AFM resync version 2
The AFM resync version 2 enhances the replication performance. This feature is suitable for a cluster that is employed for heavy stress and workloads. It uses an on-demand dependency resolution for queued messages, in case of resync and/or recovery is running. The message queuing performance is increased by using the runtime filtering or the dependency resolution. Thus, less memory is used on the gateway nodes and queued messages are replicated quickly. This feature also helps in the role reversal of AFM-DR filesets.
An AFM and AFM-DR primary fileset creates a file operation queue on the designated gateway nodes for a replication. These operations are run on the target or home cluster asynchronously based on the setting of the afmAsyncDelay parameter. For any dependent operations in the queue, this asynchronous delay helps to filter operations that need not to be sent to the target over an underlying protocol. This filtering of operations saves the bandwidth. For more information, see Asynchronous delay.

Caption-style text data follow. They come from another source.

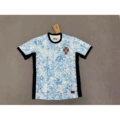 2425 portugal away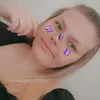 sarahbirds67
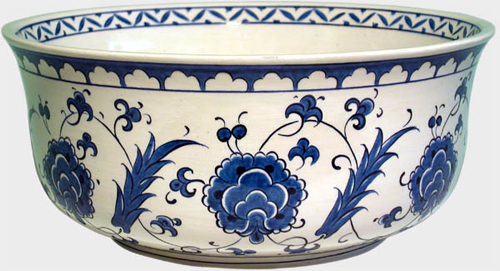 Bowls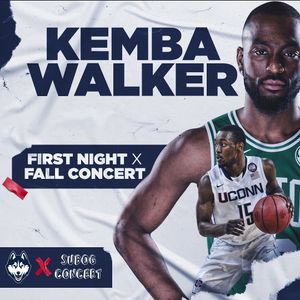 Image post by @uconnmbb on Instagram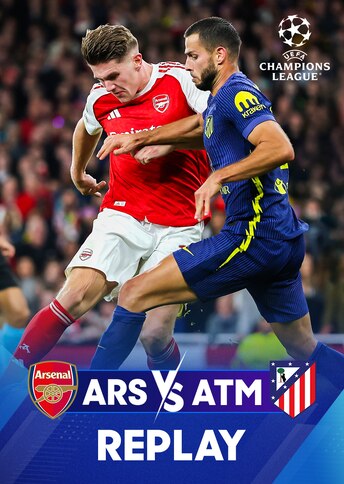 https://images.slivcdn.com/videoasset_images/manage_file/1000010434/1761112417166935_UCL2526_Arsenal_vs_Atletico_22oct_replay_portrait_thumb.jpg?h=484&w=344&q=high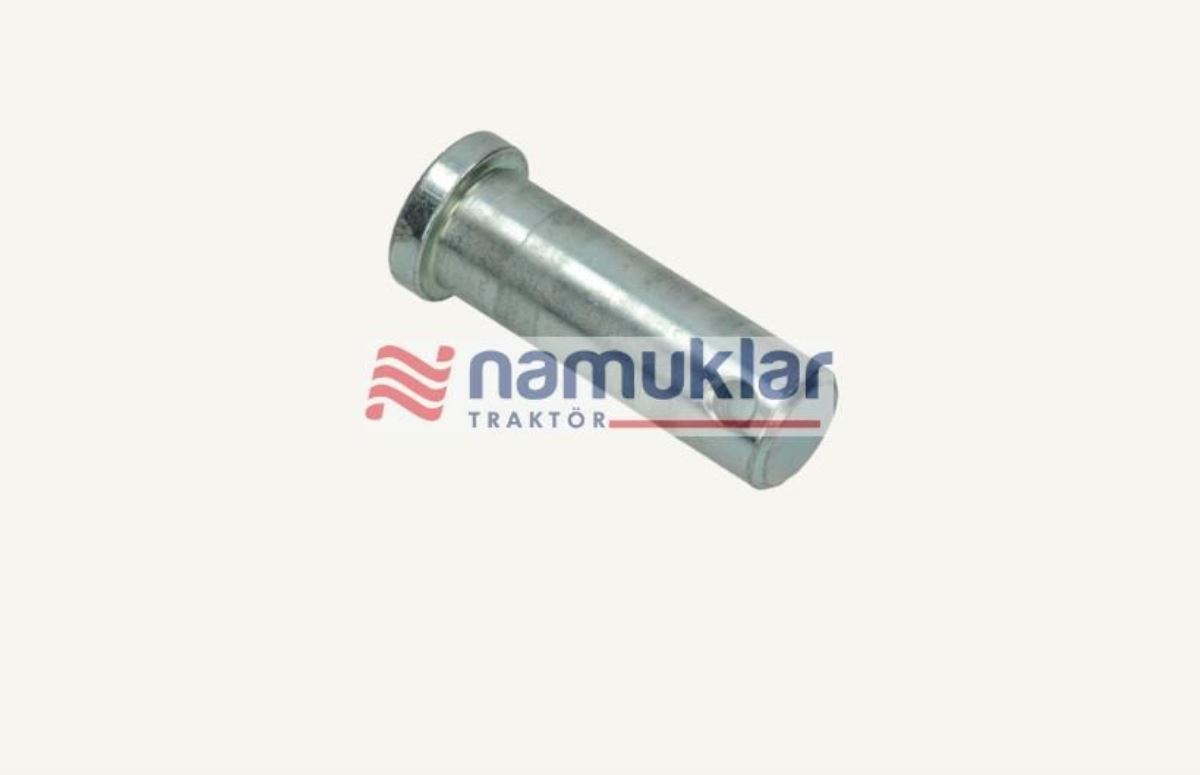 HİDROLİK YAN GERGİ KOLU PİMİ 5125961 1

When many incoming operations are generated because of heavy workloads, the queue length increases. On the gateway node, messages or operations are stored in the memory and processed for execution, filtering, or queued based on an operation type. For heavy workloads, the memory usage on nodes affects the system performance and the network throughput between cache and home filesets or primary and secondary filesets. When any gateway node fails, you must run demanding recovery and/or resync operations on a new gateway node. When the afmResyncVer2 parameter is enabled queued messages are replicated based on the on-demand dependency resolution to the home or secondary whenever the queued messages are ready. The execution of queue to the home or secondary does not pause on certain dependent operations because the memory is available for more operations after the queues are replicated.
A single-writer (SW) cache fileset or an AFM-DR primary fileset can be configured for the AFM resync version 2 by setting the afmResyncVer2 parameter in the mmchfileset command.
To set or unset the afmResyncVer2 parameter on an AFM or AFM-DR fileset, you need to stop or unlink the fileset. For more information, see Stop and start replication on a fileset.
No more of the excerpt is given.